The addition of low-power IoT technologies like LoRa® enhances this model further by enabling long-range, energy-efficient data transmission, working in conjunction with network infrastructures, such as terrestrial gateways or satellite links, to relay data. In remote areas where terrestrial networks are unavailable, LoRa® devices transmit small packets of critical data, using direct-to-satellite technology to the cloud platform. The use of LoRa® technology reduces bandwidth costs, extends battery life, and ensures reliable coverage even in off-grid environments, making LoRa® ideal for applications like smart agriculture, asset tracking, and environmental monitoring.
Other low-power IoT technologies, such as NB-IoT (Narrowband IoT), also support long-range communication. They currently rely on licensed cellular networks, but there are emerging approaches for NB-IoT over NTN (Non-Terrestrial Networks).
You can read more about LoRa® and NB-IoT technologies in our Complete Guide to Satellite IoT.
Section 4
How AIoT is Transforming Industries
With the ability to collate massive amounts of data across extensive areas and carry out real-time analysis and autonomous decision-making, AIoT has the potential to drive meaningful change across a wide range of industries, especially those that rely on remote operations and complex asset management. Integrate satellite connectivity to extend reach beyond the boundaries of terrestrial networks, and we see the potential of AIoT become even more powerful.

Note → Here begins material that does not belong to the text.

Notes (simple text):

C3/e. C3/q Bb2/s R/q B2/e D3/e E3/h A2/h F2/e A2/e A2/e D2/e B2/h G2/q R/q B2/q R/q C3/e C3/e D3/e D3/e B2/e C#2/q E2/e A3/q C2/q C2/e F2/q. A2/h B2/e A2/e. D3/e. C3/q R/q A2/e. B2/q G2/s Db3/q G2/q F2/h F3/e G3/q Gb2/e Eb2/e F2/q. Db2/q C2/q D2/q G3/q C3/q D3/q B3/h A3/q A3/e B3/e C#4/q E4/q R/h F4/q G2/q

Here are a few examples of the advantages satellite-enabled AIoT can bring to these industries:
Smart Agriculture
Agriculture is becoming increasingly data-driven, meaning that AIoT can be pivotal in improving efficiencies, quality, and safety. The use of IoT sensors to collect information on properties such as soil moisture, temperature, and nutrient levels is growing in the agriculture market.

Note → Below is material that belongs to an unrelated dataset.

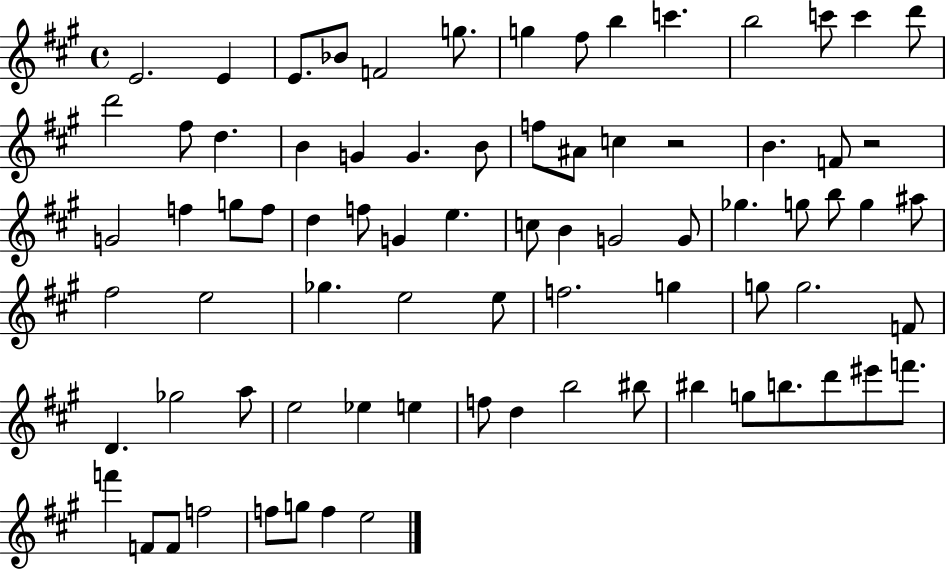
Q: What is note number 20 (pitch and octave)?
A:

The next step is using these satellite-connected IoT devices to feed data into AI models, allowing for optimisation of irrigation schedules, fertiliser use, and crop health. Livestock tracking solutions follow a similar approach. IoT collars can be combined with AI to monitor grazing patterns and detect early signs of illness. Additionally, AIoT can analyse historical data and live satellite feeds to identify weather patterns and climate trends, helping farmers to make better-informed decisions about planting, harvesting, and resource management, even in remote locations with no cellular coverage.
Supply Chain & Logistics
AIoT offers a compelling way to optimise operations for industries moving goods across expansive distances. Asset tracking via satellite IoT solutions, such as Linxens Satellite Sticker, ensures that cargo, vehicles, and containers can be monitored wherever they are.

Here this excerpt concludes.